Tonto de mim mesmo
Tenho me esquecido de olhar para o céu, principalmente, à noite. Acho que, depois que a gente cresce, as pequenas brutalidades do dia a dia vão nos roubando a leveza necessária que nos impulsiona a olhar para o céu. Lembro-me de, quando criança, eu e meus amigos brincávamos na rua até depois do anoitecer. Após as brincadeiras, passávamos o tempo a olhar para cima.

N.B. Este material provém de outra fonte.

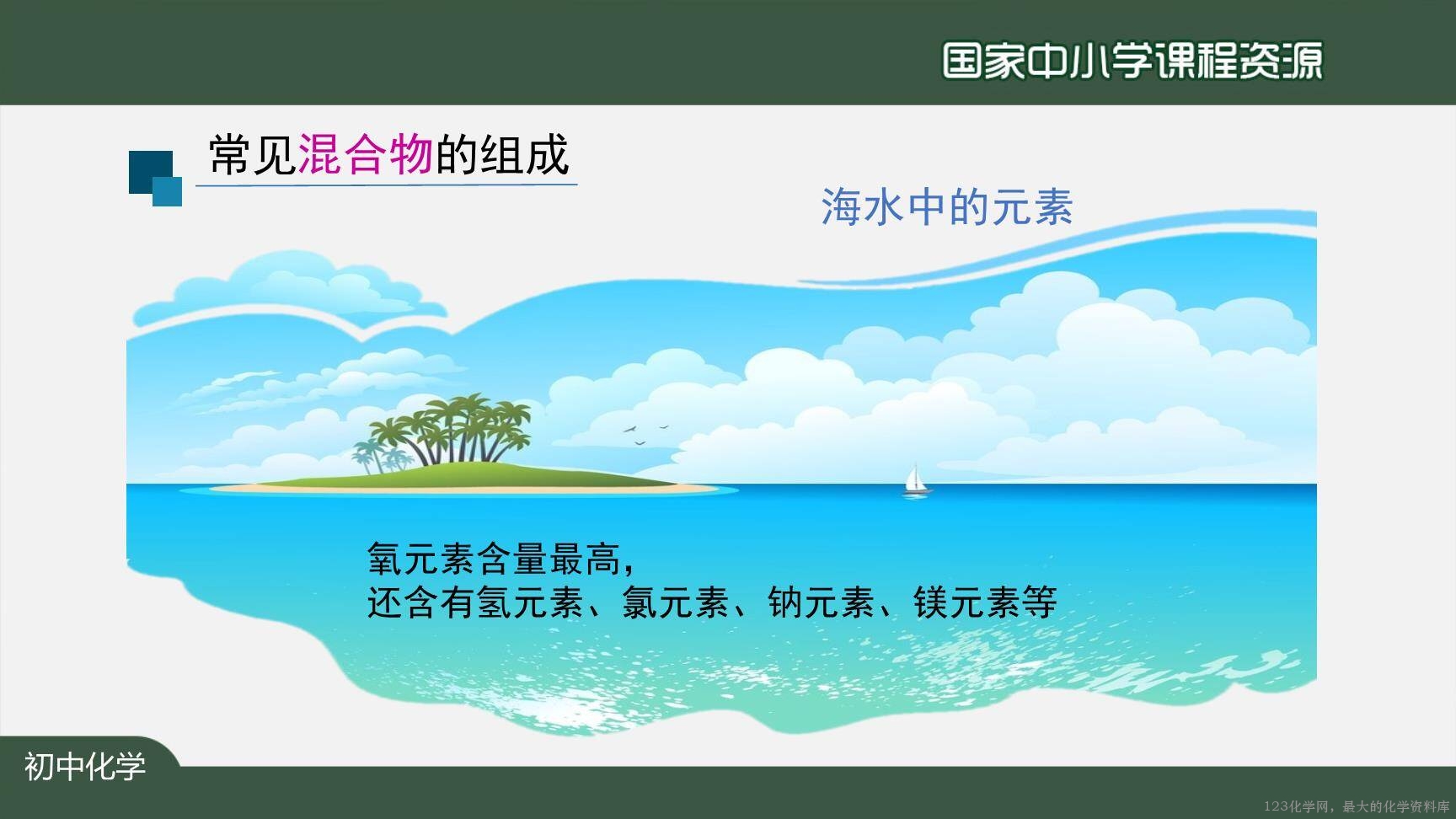 20201029初三化学(人教版)元素(第二课时)-2PPT-6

Era hora de tentar identificar as estrelas, pensando no que haveria depois do brilho de cada uma, nos outros possíveis mundos existentes além delas. Era uma das maneiras de matar o tempo, enquanto nossas mães não nos chamavam para o banho e para a janta. E tinha aquela história de que, se alguém apontasse para uma estrela, nasceria uma verruga no dedo. Ora isso era motivo de muita zoação, ora era motivo de receio do surgimento de um pequeno caroço carnudo na pele.
Também não me esqueço de que, ainda quando criança, minha família costumava visitar os parentes do meu avô materno em uma área rural, na cidade de Laranjal (MG). A casa deles ficava em um lugar descampado, no meio do nada, e, naquela época, não tinha energia elétrica lá. A noite era a mais escura que já tinha visto. Dentro de casa, a iluminação era feita com lamparina de querosene. Do lado de fora, era puro breu, mas o medo da escuridão era compensado pela profundidade de um céu azul carregado e muito estrelado. Algo que nunca mais vi na minha vida, pelo menos, com aquele mesmo olhar infantil, que se deslumbrava com uma imensidão de brilhos.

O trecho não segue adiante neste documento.